HART, Earl W., 6 Vista Court, Corte Madera, CA 94925,

Numerous ridge-top depressions (sackungen) occur on and just below the crests of steep-sided ridges in the Cape Mendocino region (CMR). Based on the interpretation of 1941 and 1954 airphotos, 74 localities with anomalous ridge-top features were mapped and described between Cape Mendocino and Point Delgada. These features range in character from narrow linear troughs along ridge axes to more complex landforms on broad ridges that appear to be flattened and laterally spread. An analysis of mappable landforms shows that 84% of the localities included ridge-top troughs, 59% closed depressions, 31% scarps (including uphill-facing scarps and sidehill benches), and 14% swales. All but three localities occur in penetratively deformed terranes of the Franciscan Complex. Two-thirds of the localities are associated with deep-seated landslides. All gradations appear to exist between ridge-top depressions with no associated slides to features that clearly mimic or are part of adjacent landslides, suggesting a continuum and a common origin for ridge-top depressions and landslides. A similar conclusion was reached by McCalpin and Hart (1999) in the San Gabriel Mountains.

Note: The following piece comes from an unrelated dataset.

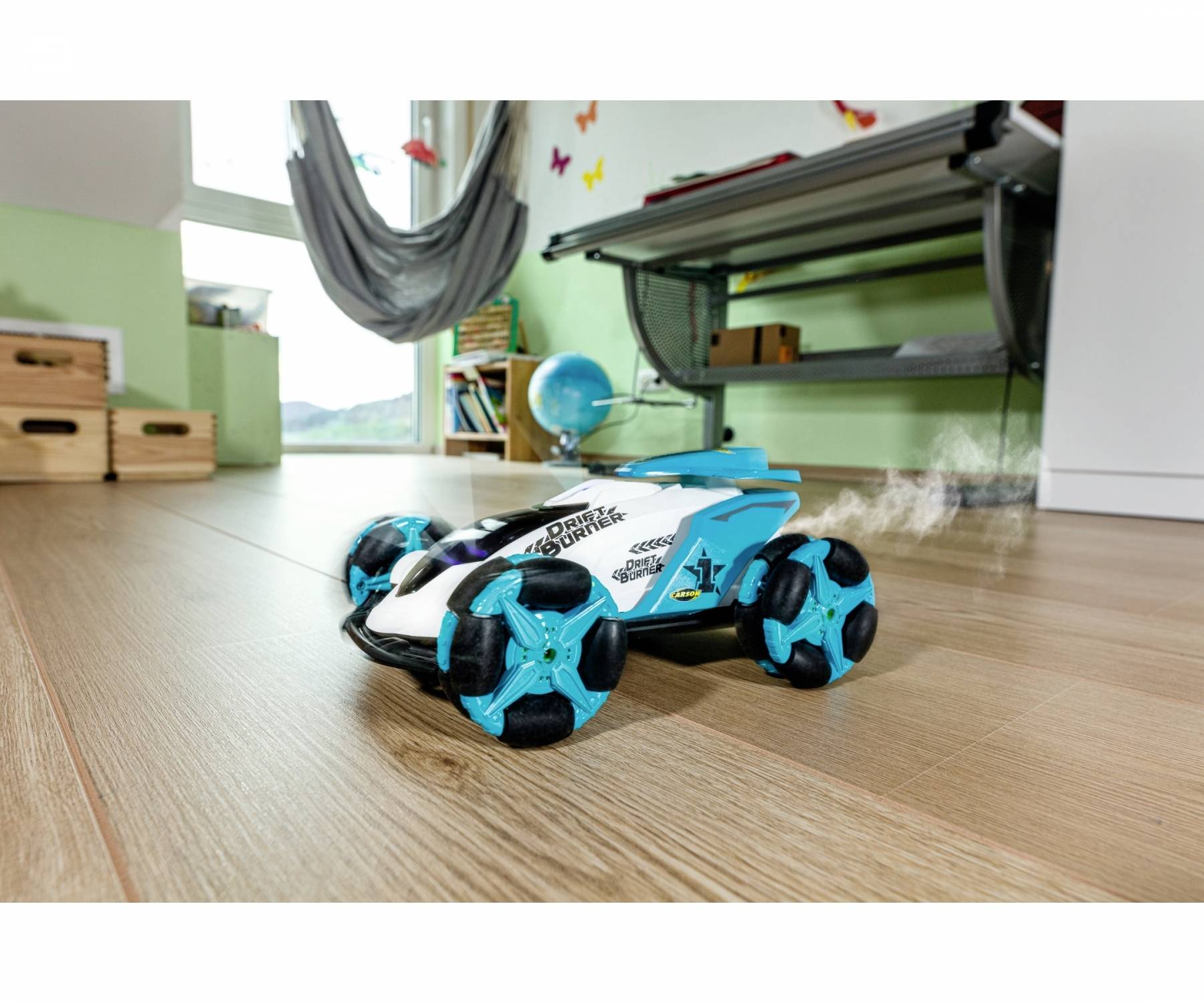 A blue and white remote-controlled car with large wheels drives across a wooden floor in a room. Toys and furniture are visible in the background.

The chief origin of ridge-top depressions in the CMR very likely is seismic shaking, based on the following: 1) The CMR lies astride the highly seismic Mendocino Triple Junction; 2) ridge-top depressions in the CMR are quite similar to landforms reactivated by fracturing during the 1989 M7.1 Loma Prieta and previous earthquakes in the Santa Cruz Mts. (Nolan and Weber, 1998); and 3) small ridge-top grabens and cracks mapped after the 1992 M7.1 Petrolia earthquake (Dunklin, 1992; Stein et al, 1993) appear to coincide with some of the mapped features in the CMR. Based on airphoto reconnaissance, ridge-top depressions are relatively widespread in California's seismically active Coast and Transverse Ranges and constitute potential seismic hazards to structures. They may also be useful paleoseismic sites as they tend to form only in large earthquakes and may be particularly useful in areas of blind faults.